Introduction to Ukraine
Work in Ukraine began in Crimea in May, 2002. Crimea, because it is one of the poorest oblasts in Ukraine. And, Crimea is geographically isolated with a population of only about 2.2 million people across the entire peninsula. It is easier to effect and observe change in smaller groups of people versus larger groups. Successful models, as per the Tomsk strategy in Russia, could then be replicated elsewhere in Ukraine. Base was Simferopol, Crimea's capital city and political nerve center.
Poverty was widespread, in stark contrast to the natural beauty of Crimea's steppes and seaside areas. Poverty levels were estimated to be about one-third of the population. However, it was heavily concentrated in one ethnic group, the Tatar community, with roughly 70% of Crimean Tatars living in poverty. After six months of research -- primarily travel around the peninsula observing conditions and talking to people -- it was evident that if anything was to be done in Crimea, it would have to include particular emphasis on the Crimean Tatar community.
In early December 2002, I met with Ilmi Umerov, Deputy Speaker of Parliament of the Autonomous Republic of Crimea. Umerov was Crimean Tatar, one of only two or three Tatar representatives in Crimea's or Ukraine's legislature.
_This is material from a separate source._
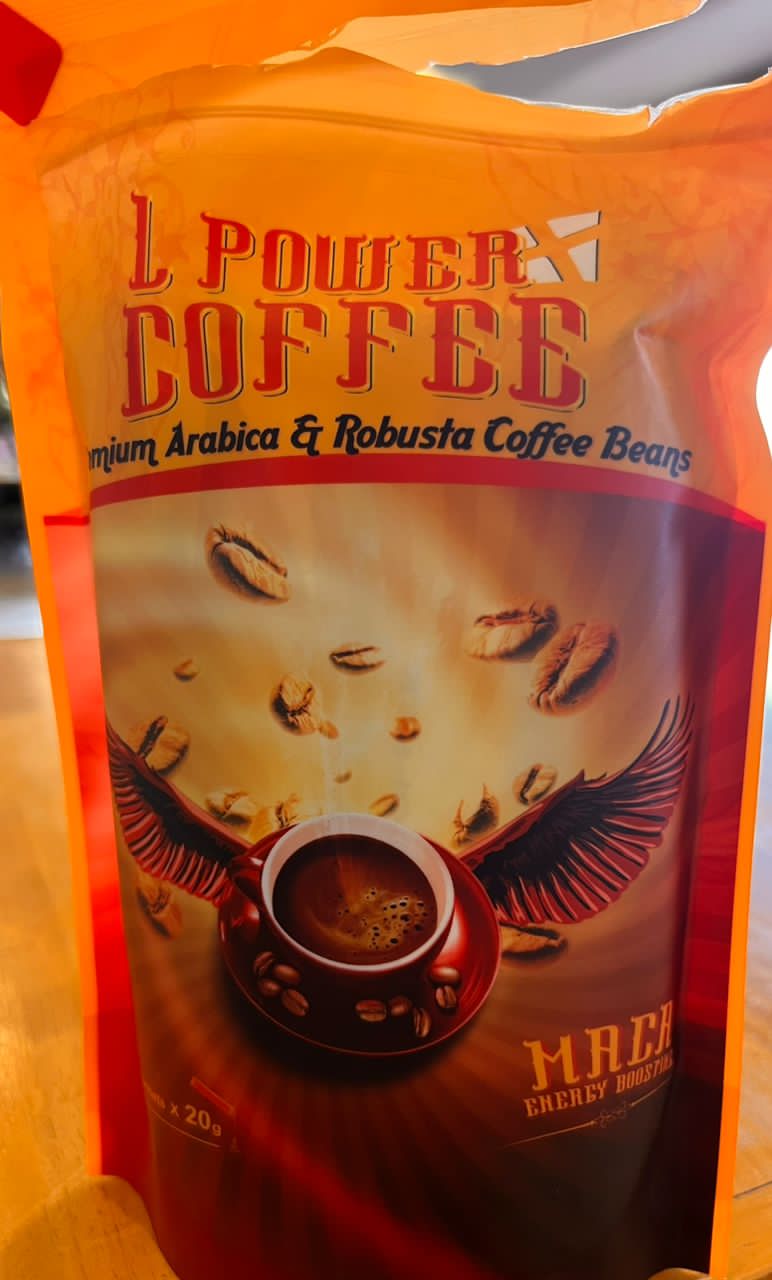 NDA Cautions General Public Against Deadly Power Coffee That Causes Heart Attack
I proposed the idea of first and foremost creating a microcredit bank to provide small individual loans to people excluded from existing financing -- notwithstanding UNDP's and EBRD's token efforts to date along those lines. Both of those programs effectively excluded people in poverty, which in turn made the programs useless for poverty relief they were supposed to address. The most consistent need and request that had emerged during six months of research amounted to small loans, about $4000 at most. Most of the people who needed them were Crimean Tatars. They had and have innate business sense such that every business idea Tatars discussed with me were already complete. They knew their market, their competition, their prospects for profit, exactly what to do and how to do. Solid, instinctive market research, in other words, along with what amounted to precise business plans. They knew exactly what they needed and how to put financing to use. But financing was not available without property collateral, assets most did not have. This is all detailed in Crimea development proposal. Mr. Umerov agreed to the idea and asked if we should make a project out of developing the proposal. I replied that I wasn't sure, because I'd not yet written up a proposal. I figured it would take about six weeks to put it together, at which time I would deliver a preliminary version for discussion. Then we would decide what needed to be done from there.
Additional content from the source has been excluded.